One hat block took a whopping 17 hours to print, Vincent said, leaving plenty of time for him to dabble in creating Patriot and Iroquois-era tools, even war hatchets, axes and tomahawks.

Vincent said he locally sources with several businesses, including Christian Alexander, Gilliam Pharmacy and signage for Cowboys & Angels in Camp Landing.

While Vincent's printer churned out hat blocks, his lasers zapped away at engraving medals for a local high school for personalized student awards.

"Supporting local ... It's all I want to do," Vincent said, explaining he wants everyone to find their niche.
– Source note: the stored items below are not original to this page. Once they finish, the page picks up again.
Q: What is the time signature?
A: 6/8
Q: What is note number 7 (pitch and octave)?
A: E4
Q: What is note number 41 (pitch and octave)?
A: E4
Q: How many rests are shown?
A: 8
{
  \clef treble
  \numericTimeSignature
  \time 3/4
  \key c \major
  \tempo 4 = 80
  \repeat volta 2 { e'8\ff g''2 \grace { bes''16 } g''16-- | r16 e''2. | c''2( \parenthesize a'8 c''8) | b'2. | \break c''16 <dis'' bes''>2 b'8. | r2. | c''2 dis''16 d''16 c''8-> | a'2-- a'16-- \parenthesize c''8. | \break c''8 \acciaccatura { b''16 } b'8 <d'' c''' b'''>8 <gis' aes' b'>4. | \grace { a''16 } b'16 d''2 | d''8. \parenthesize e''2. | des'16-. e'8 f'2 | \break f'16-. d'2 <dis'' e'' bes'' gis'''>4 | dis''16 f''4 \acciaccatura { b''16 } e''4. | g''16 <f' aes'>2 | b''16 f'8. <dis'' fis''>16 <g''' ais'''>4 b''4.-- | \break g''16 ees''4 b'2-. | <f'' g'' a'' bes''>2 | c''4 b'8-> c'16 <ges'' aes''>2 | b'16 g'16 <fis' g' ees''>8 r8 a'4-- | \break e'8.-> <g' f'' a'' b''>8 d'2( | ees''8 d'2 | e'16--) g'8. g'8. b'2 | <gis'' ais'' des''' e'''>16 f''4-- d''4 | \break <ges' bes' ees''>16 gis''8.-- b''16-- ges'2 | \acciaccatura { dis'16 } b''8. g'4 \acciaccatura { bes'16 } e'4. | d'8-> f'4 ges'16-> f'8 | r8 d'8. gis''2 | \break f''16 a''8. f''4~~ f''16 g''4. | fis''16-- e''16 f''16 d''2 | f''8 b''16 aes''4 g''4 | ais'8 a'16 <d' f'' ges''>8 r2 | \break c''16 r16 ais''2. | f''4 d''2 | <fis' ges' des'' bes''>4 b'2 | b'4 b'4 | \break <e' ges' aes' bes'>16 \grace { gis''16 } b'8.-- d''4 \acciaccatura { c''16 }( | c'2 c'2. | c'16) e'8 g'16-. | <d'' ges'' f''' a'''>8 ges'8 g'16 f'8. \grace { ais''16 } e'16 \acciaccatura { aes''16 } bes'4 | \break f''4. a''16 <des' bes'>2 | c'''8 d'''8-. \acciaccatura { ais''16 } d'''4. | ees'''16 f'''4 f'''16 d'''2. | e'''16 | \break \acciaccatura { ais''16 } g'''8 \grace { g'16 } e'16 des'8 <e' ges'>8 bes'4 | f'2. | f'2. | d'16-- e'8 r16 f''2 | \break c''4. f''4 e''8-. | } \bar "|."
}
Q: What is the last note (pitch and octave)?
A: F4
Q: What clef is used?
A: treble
"I want people to learn," Vincent said.

However, "equipment doesn't make an artist," Vincent said, adding a paintbrush doesn't make one a Picasso and a pencil doesn't make someone a writer.

"You have to want to learn," Vincent said.

With his willingness to dabble in all things tech and software, Vincent eventually partnered with Forme & Ash Trading Company to further share his creations and customer base, now sharing his makings as far as the United Kingdom, Brazil and Argentina.

With virtually no software market in northeast Kentucky, "Technology opens the door to stay local," Vincent said.

"People think if its customizable, it has to come from overseas. It doesn't have to be mass produced," Vincent added, believing quality work is more likely out of shops like his.

"It's just incredible to make stuff that makes people happy," Vincent said. "I like making stuff that people like, even if I don't always think it's worth anything."